Das Prinzip ist die Schaffung eines Umgehungskreislaufs. An der betroffenen Gliedmaße wird ein funktionierendes Lymphgefäß vor der Stelle der Lymphbahnverletzung an eine Vene angeschlossen. Somit kann die Lymphe noch direkt „vor Ort“ in den Blutkreislauf abgeleitet werden. Dadurch wird die anfallende Lymphlast im Gewebe in dem noch gesunden Bereich reduziert.

Lymphknotentransplantation
Körpereigene Lymphknoten werden komplett mit eigener Blutversorgung aus einer gesunden Region entnommen und in die erkrankte Lymphödemregion transplantiert. Die transplantierten Lymphknoten verbinden sich mit dem Lymphgefäßsystem vor Ort. Dadurch können sie die Lymphe als eigene „Pumpstation“ aus dem betroffenen Bereich abtransportieren.

 

Zusammenfassung: 

Ein Lymphödem ist Stauung von Lymphflüssigkeit im Gewebe. Dies ist eine eigenständige Erkrankung, welche unbehandelt zu einer Verschlechterung führt. Andere Ursachen für Flüssigkeitseinlagerungen sollten abgeklärt und ggf. gesondert behandelt werden.

Die Behandlung besteht in einer komplexen physikalischen Entstauungstherapie:  manuelle Lymphdrainage, Kompressionstherapie, Bewegungsübungen, Hautpflege, Selbsttherapie. Diese werden ggf. ergänzt durch apparative oder chirurgische Maßnahmen.

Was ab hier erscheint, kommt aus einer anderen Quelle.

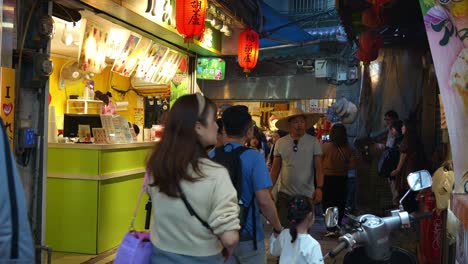 Tourists-wander-through-a-bustling-narrow-lane-flanked-by-food-stalls,-souvenir-boutiques,-and-quaint-gift-shops-in-Jiufen-Old-Street,-a-charming-mountain-village-town-in-Taiwan
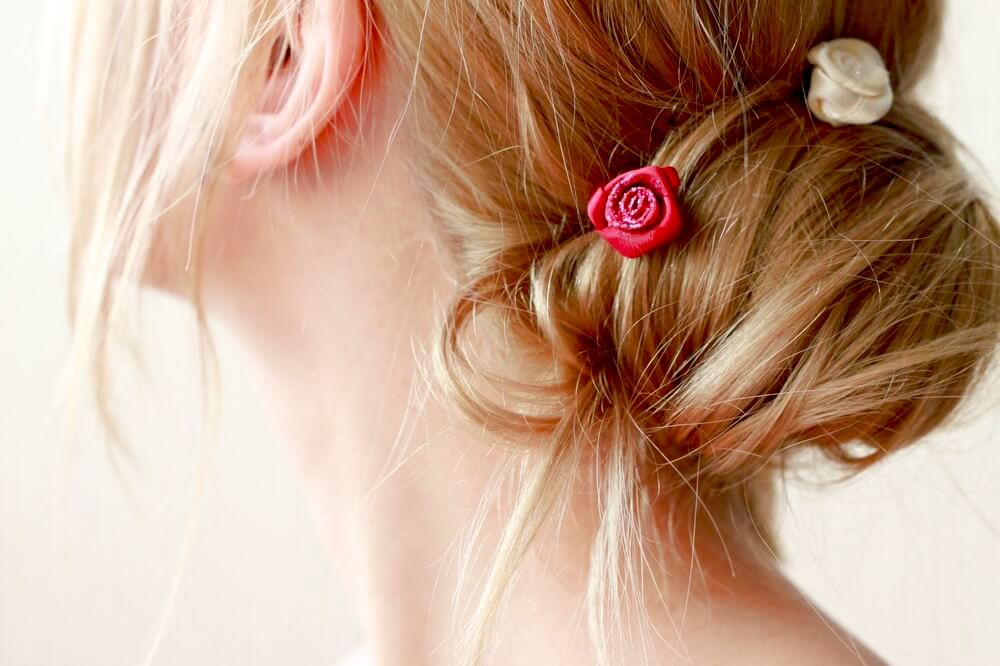 Woman's hair with flower petals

Anfangs ist eine intensive Entstauungsbehandlung erforderlich, um die angestaute Lymphflüssigkeit zu mobilisieren. Hierfür ist oft eine mehrfach wöchentliche Lymphdrainage mit anschließender Bandagierung nötig. Sobald die betroffene Körperregion entstaut ist, wird auf die Erhaltungstherapie umgestellt: über ein Sanitätshaus erfolgt dann eine Maßanfertigung von flachgestrickten Kompressionstrümpfen, um eine erneute Verschlechterung zu verhindern. Sobald diese vorliegt kann dann die Lymphdrainage auf ein Minimum reduziert werden. Die Erhaltungsphase dauert in der Regel ein Leben lang. Wird die Therapie unterbrochen, kommt es meist erneut zu einer Zunahme des Ödems.

Eine Abstimmung unter Patient, Ärzten, Lymphtherapeuten und Sanitätshäusern ist für eine erfolgreiche Behandlung wichtig

Leitsatz bei der Behandlung des Lymphödems: keine Lymphdrainage ohne Kompressionsbehandlung!